[[ Input data open ]]

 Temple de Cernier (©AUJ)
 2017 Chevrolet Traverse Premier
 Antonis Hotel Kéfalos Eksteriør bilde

[[ Input data closed ]]
[[ Input data open ]]

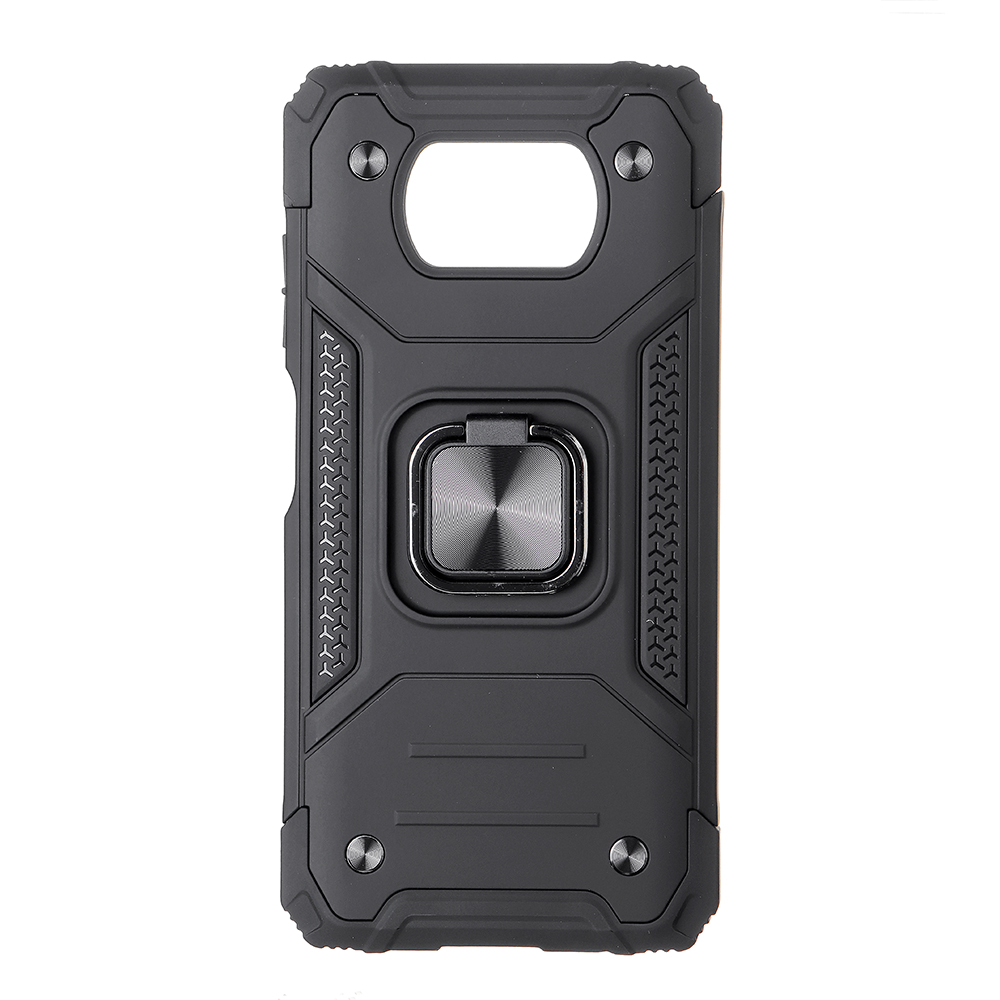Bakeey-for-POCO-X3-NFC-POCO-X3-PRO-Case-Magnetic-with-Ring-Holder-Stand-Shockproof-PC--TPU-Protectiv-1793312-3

[[ Input data closed ]]
[[ Input data open ]]

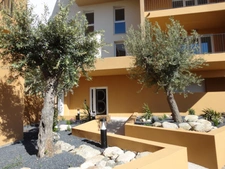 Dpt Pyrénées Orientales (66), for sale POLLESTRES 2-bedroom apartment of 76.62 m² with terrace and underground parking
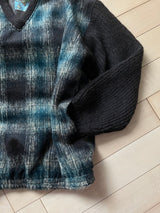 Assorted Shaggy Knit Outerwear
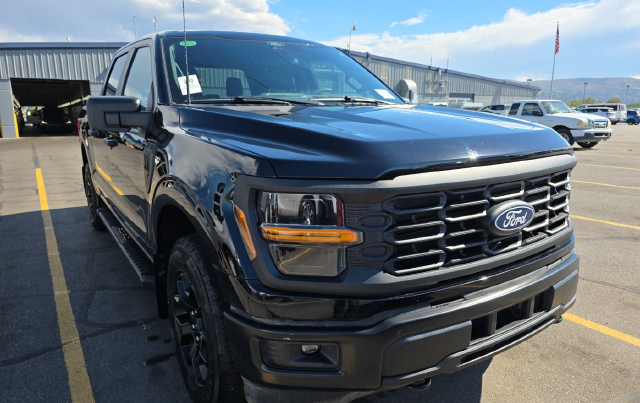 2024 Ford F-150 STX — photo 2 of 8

[[ Input data closed ]]

Task to complete> Each line above from the one with "2017 Chevrolet Traverse Premier" up to and including the one with "Antonis Hotel Kéfalos Eksteriør bilde" must be set down exactly, and no line outside that span may appear.

Response to this task>
 2017 Chevrolet Traverse Premier
 Antonis Hotel Kéfalos Eksteriør bilde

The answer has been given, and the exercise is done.